In other news, Myspace is selling your user data to third party companies. No real surprise there. It will be interesting to see how the analysis of the millions of users on Myspaces mood updates will help decide what message is right for the masses at any given time.

This is quite possibly one of the funniest things I have seen in a while. The sad part is that it is an accurate portrayal of so many companies.

[youtube=http://www.youtube.com/watch?v=VjfaCoA2sQk]

When Google came out and said they had been hacked and that they had found that the hacks originated in China it seemed that all they could find was one compromised machine in Taiwan. Now with help from the NSA they have traced the attacks back to IP’s originating from two schools, Shanghai Jiaotong University and the Lanxiang Vocational School in China.

The evidence still doesn’t show who actually did the hacking, or if it even originated in China. Another country could even be using the school as a gateway to perform the attacks knowing that relations between China and America are strained. Of course, the fact that the US did so poorly in a recently simulated cyber attack doesn’t help matters either.

Then again, a school that Peng Yinan, one of the most prolific Chinese hackers, teaches at from time to time is a pretty likely candidate for an attack to come out of. It will be interesting to see if they can find any other evidence besides an IP.

A wily hacker in Russia thought it would be good fun to place a pornographic movie on the big screen along the city’s Garden Ring Road for any driver that needed a lesson in the Birds and the Bees to see. He was later arrested but explained his actions by stating he “originally wanted to stream the video on a commercial screen of a shopping mall in Moscow”, and didn’t imagine that “thousands of people would see the porn flick in the center of the city”.

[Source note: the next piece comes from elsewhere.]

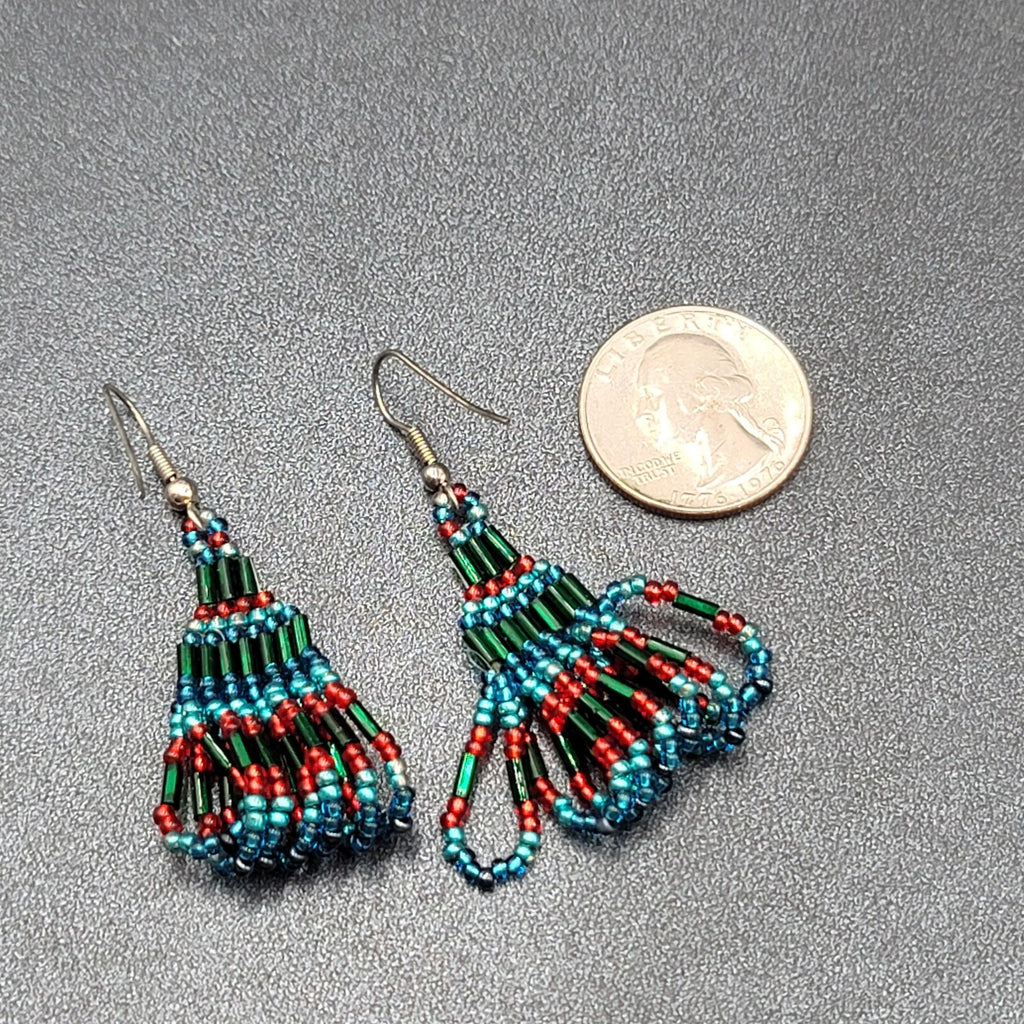 Vintage Pierced Earrings Silver tone Blues Purple Seed bead Dangle 1.5"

Recently, Brian Krebs, has been posting a lot about companies losing money to hackers who have money mules transferring stolen funds all over the globe (mostly to Eastern Europe it seems). The hack is pretty simple. A user with a vulnerable endpoint gets hit with the Zeus Trojan or a variant by viewing a compromised site. The endpoint can then pass on the infection to other endpoints on the network. Once it infects an endpoint that accesses the companies bank accounts the fun begins. The hackers setup many sub $10,000 dollar transfers to the mule accounts and then have the mules wire them the money.

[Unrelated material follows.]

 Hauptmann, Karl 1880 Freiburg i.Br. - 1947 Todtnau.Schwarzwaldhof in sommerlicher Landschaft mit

Recently one infected machine at a Michigan Insurance firm cost them $150,000. That is a lot of money to lose (they are working with their bank to recover it but that usually only ends poorly) for not having an up to date machine. One bad hack can make you realize that a good security setup is much cheaper in the long run.

The second part of the story that I found interesting is that the bank would use “two factor” authentication by having the customer enter their user name and password, and then answer a security question. The President of the Insurance firm says “They had some very detailed information. [The thieves] knew our patterns, they knew our passwords, my mother’s middle name, favorite sports team. And this is all information I don’t even have written down anywhere.” So what he is saying is that it is impossible to find out his mother’s middle name online doing a quick search? Or that he hasn’t worn a jersey of his favorite sports team in some picture that has been tagged with his name on facebook? And that is assuming that the hackers even entered that information. The bank says they see someone enter it but it could be from a compromised machine with someone legitimately logging in and the hackers are just piggy backing.

Hackers don’t play these elaborate bank heists that require years of training and some elite knowledge that only they possess. They just wait until some lazy user goes to a compromised web site and gets infected with their Trojan. Then it is game, set and match.